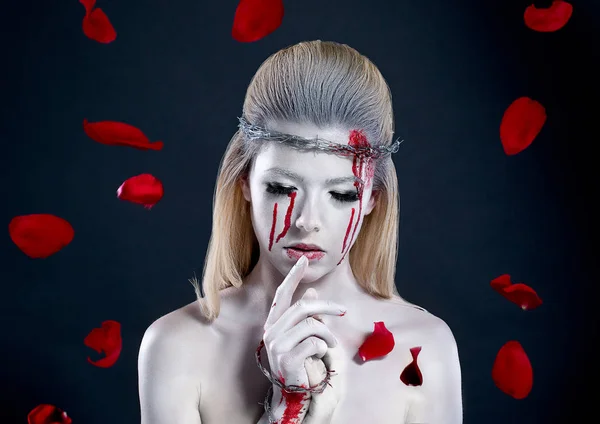 girl with a bloody face, with white skin and a wreath on her head. barbed wire
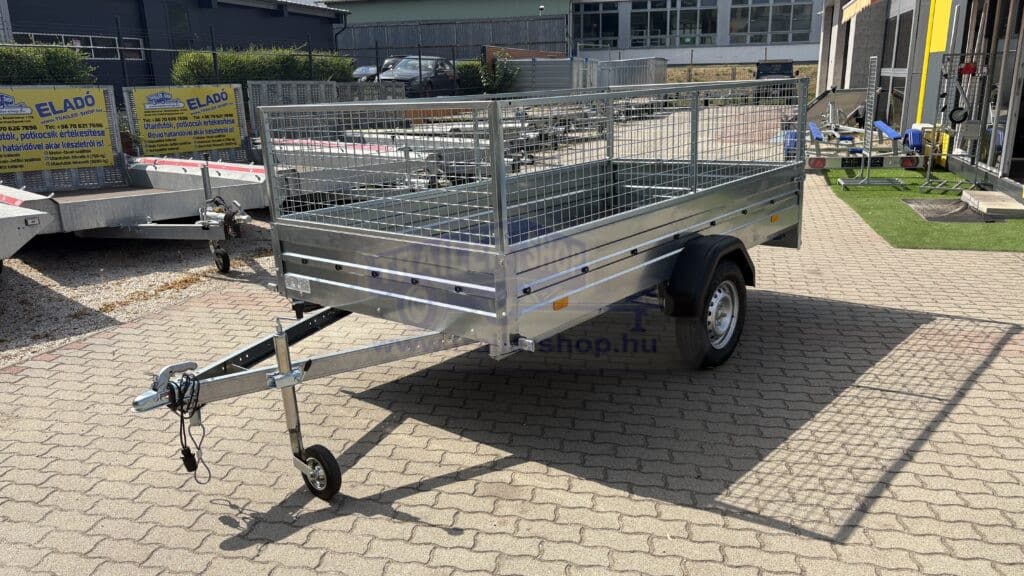 ALFA-B 23015MN.100-ig egytengelyes, 2,94x1,44m méretű, 1000kg fékezett mellsőkerekes fix oldalfalas utánfutó RÁCCSAL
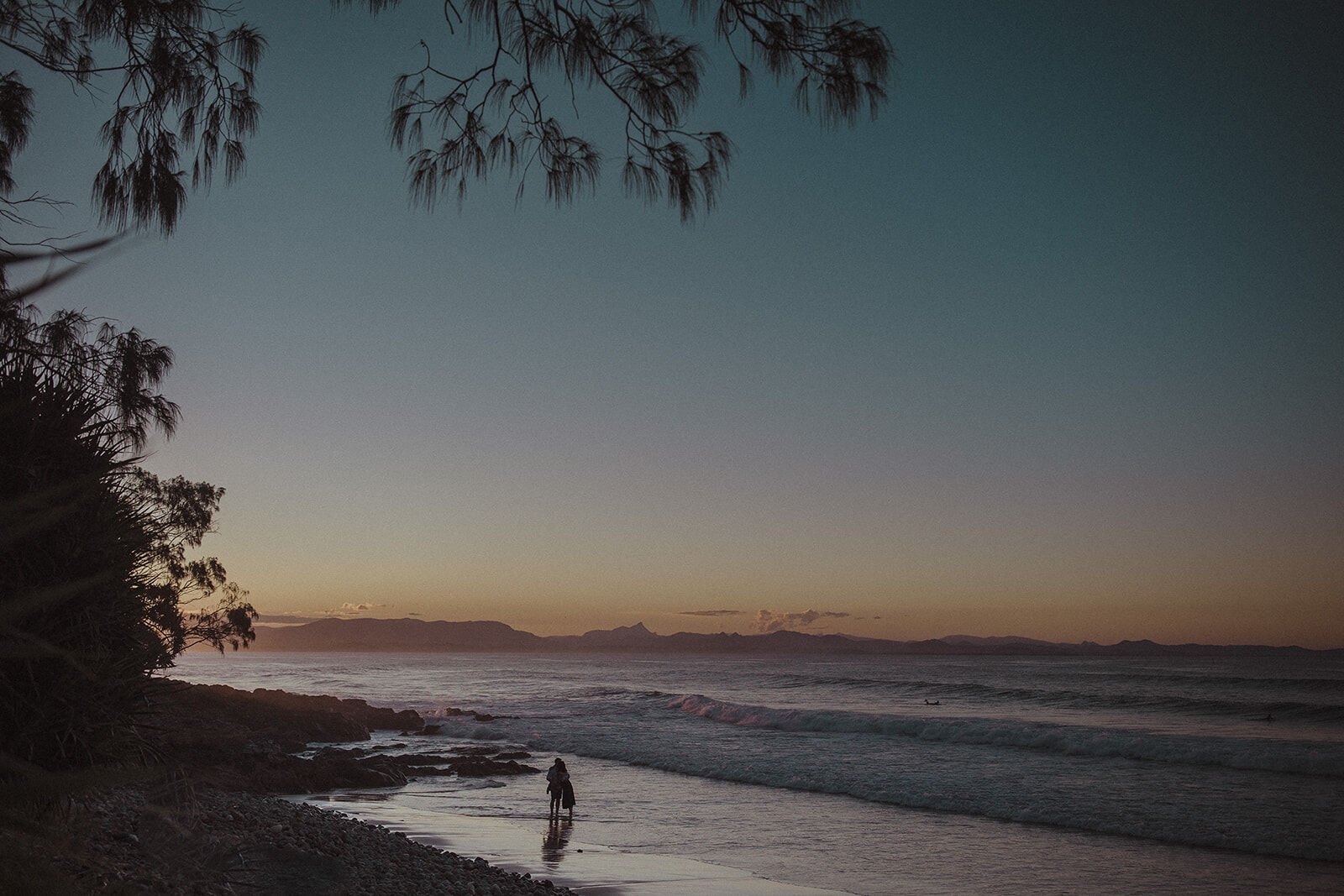Couple tiny at the shoreline at dusk with distant mountains, John and Emma's sunset marriage proposal at Wategos Beach, Byron Bay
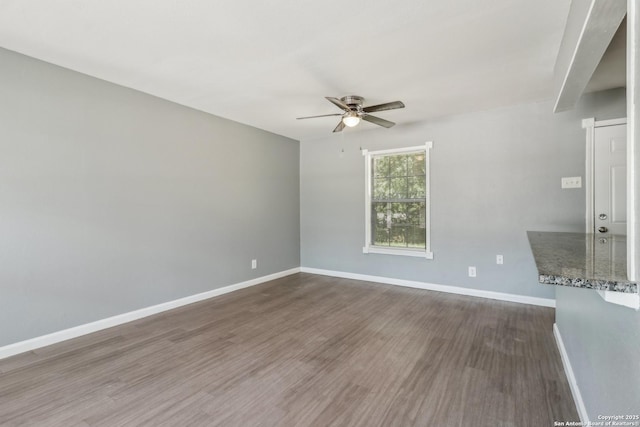2415 Spicewood, San Antonio, TX 78213 - empty room featuring a ceiling fan, baseboards, and dark wood finished floors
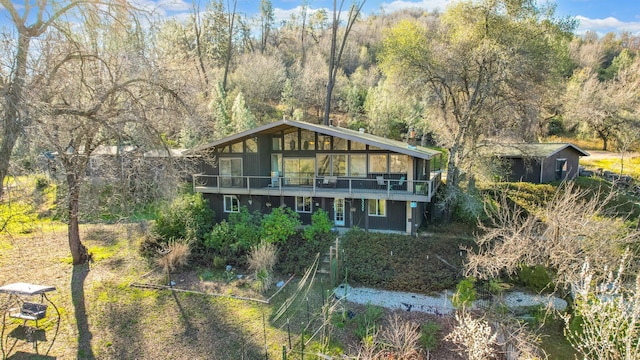 view of front of house featuring a view of trees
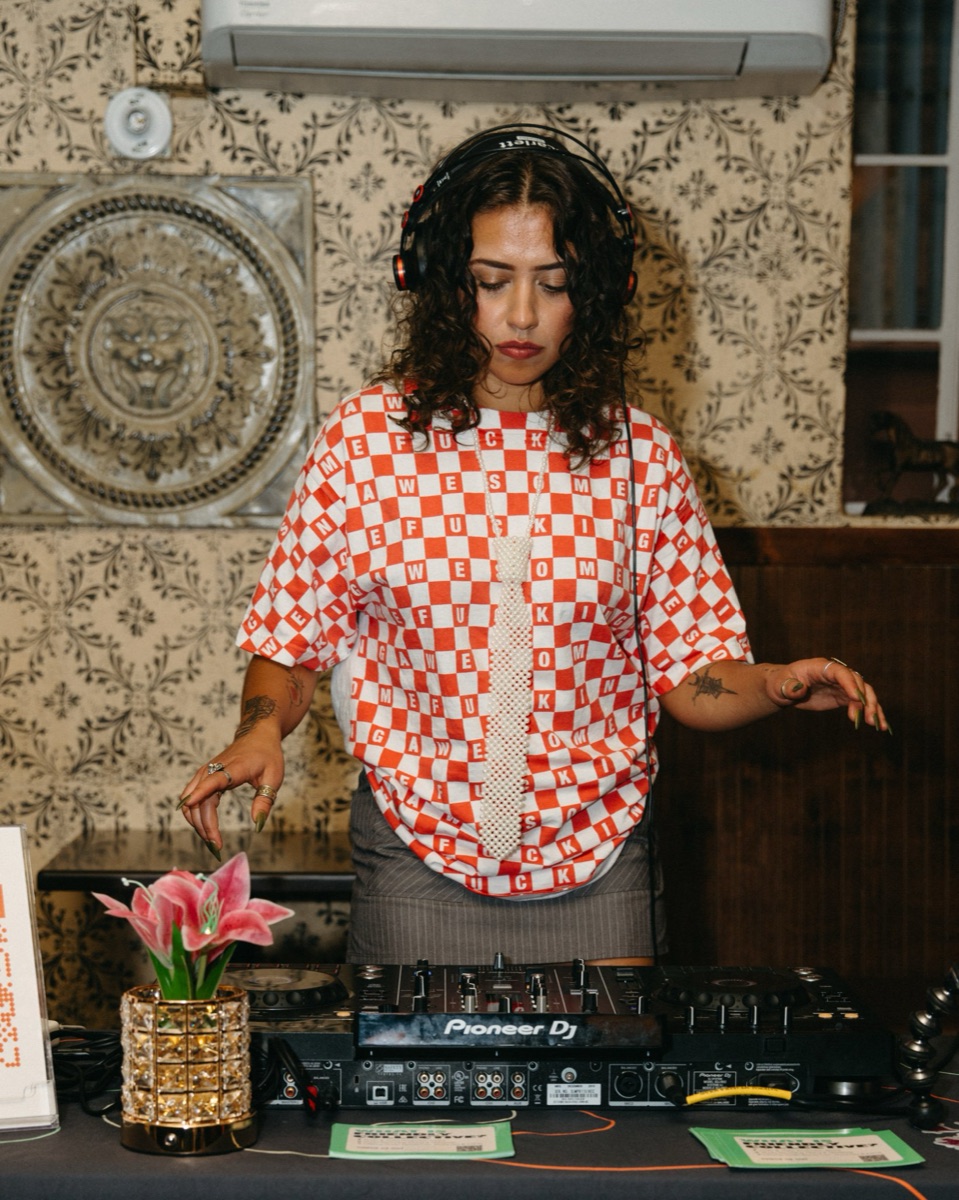 DJ on the decks at Anti-Networking Denver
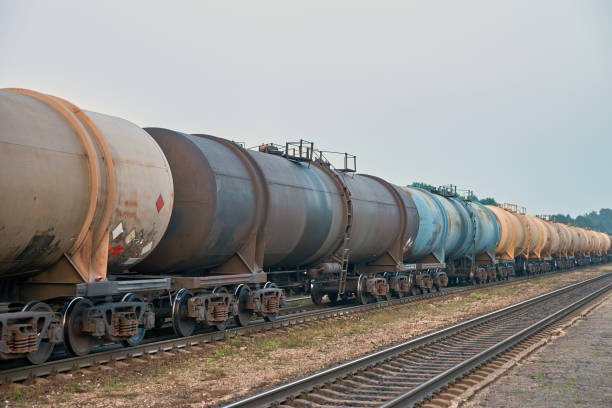 Set of train tanks with oil and fuel transport by rail - countryside view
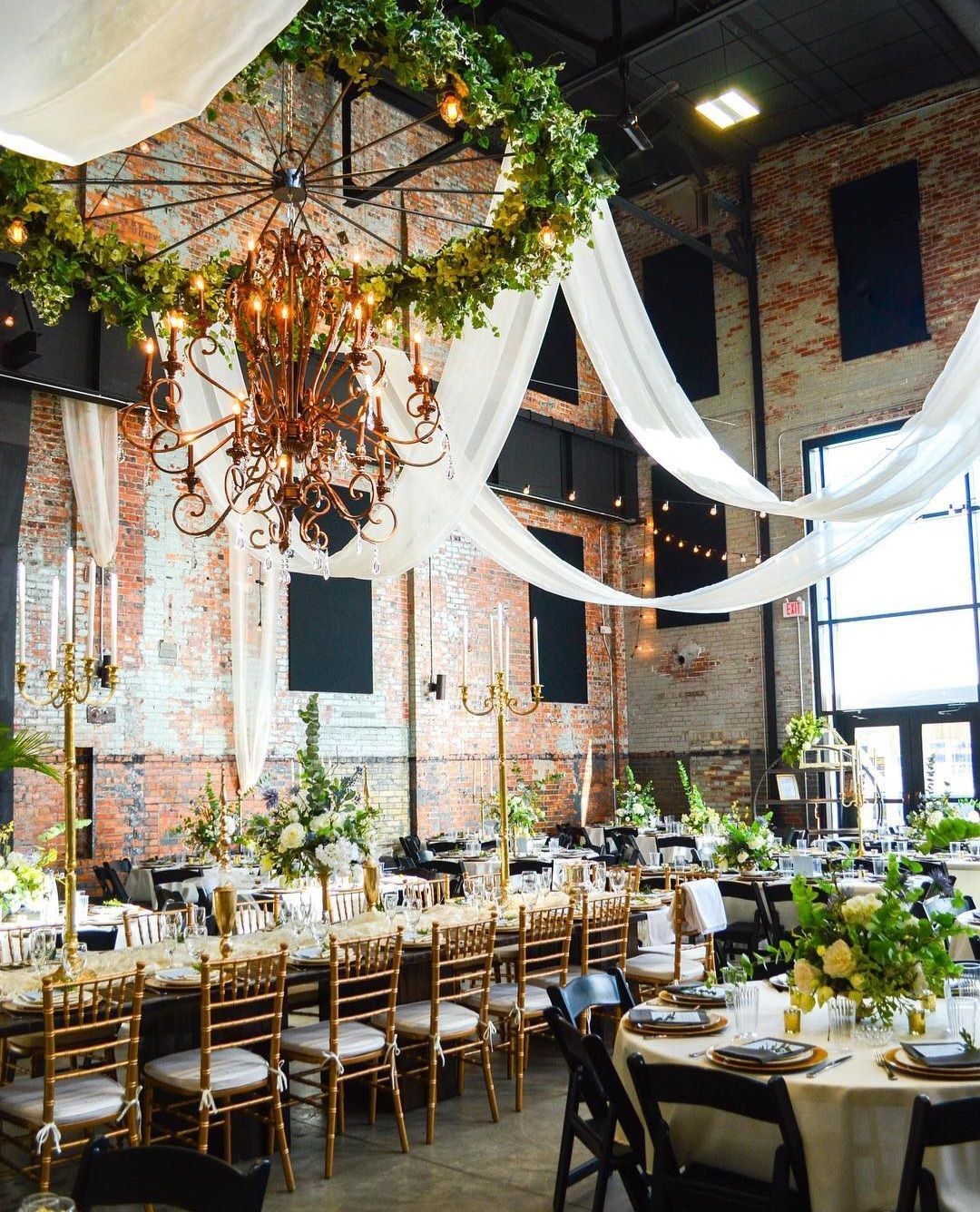 A large room with tables and chairs set up for a wedding reception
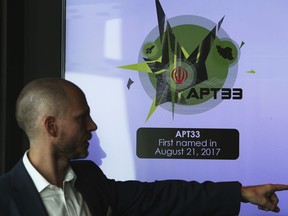 Alister Shepherd, the director of a subsidiary of the cybersecurity firm FireEye, gestures during a presentation about the APT33 hacking group, which his firm suspects are Iranian government-aligned hackers, in Dubai, United Arab Emirates, Tuesday, Sept. 18, 2018. FireEye warned Tuesday that Iranian government-aligned hackers have stepped up their efforts in the wake of President Donald Trump pulling America from the nuclear deal.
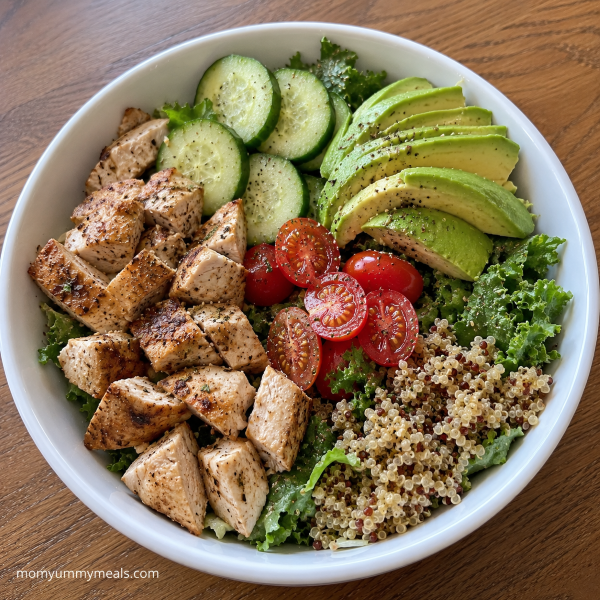 Chicken avocado bowl with greens cucumber tomatoes and quinoa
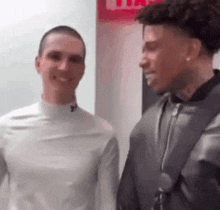 two men are standing next to each other and talking to each other .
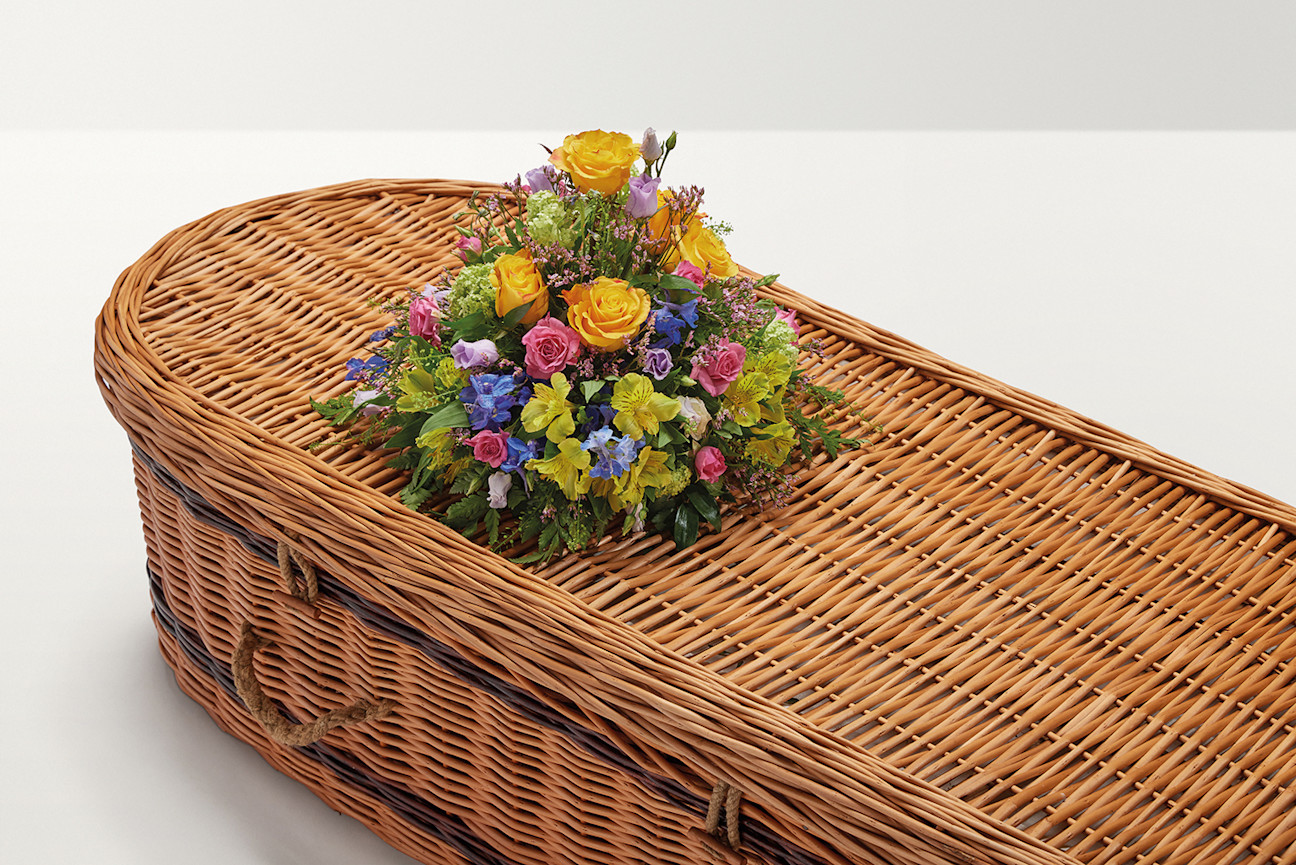 Brightly coloured rounded flower display on top of coffin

____________________

**Exercise objective**
Write out the entries word for word. Skip the pictures.

**Exercise result**
 girl with a bloody face, with white skin and a wreath on her head. barbed wire
 ALFA-B 23015MN.100-ig egytengelyes, 2,94x1,44m méretű, 1000kg fékezett mellsőkerekes fix oldalfalas utánfutó RÁCCSAL
Couple tiny at the shoreline at dusk with distant mountains, John and Emma's sunset marriage proposal at Wategos Beach, Byron Bay
2415 Spicewood, San Antonio, TX 78213 - empty room featuring a ceiling fan, baseboards, and dark wood finished floors
 view of front of house featuring a view of trees
 DJ on the decks at Anti-Networking Denver
 Set of train tanks with oil and fuel transport by rail - countryside view
 A large room with tables and chairs set up for a wedding reception
 Alister Shepherd, the director of a subsidiary of the cybersecurity firm FireEye, gestures during a presentation about the APT33 hacking group, which his firm suspects are Iranian government-aligned hackers, in Dubai, United Arab Emirates, Tuesday, Sept. 18, 2018. FireEye warned Tuesday that Iranian government-aligned hackers have stepped up their efforts in the wake of President Donald Trump pulling America from the nuclear deal.
 Chicken avocado bowl with greens cucumber tomatoes and quinoa
 two men are standing next to each other and talking to each other .
 Brightly coloured rounded flower display on top of coffin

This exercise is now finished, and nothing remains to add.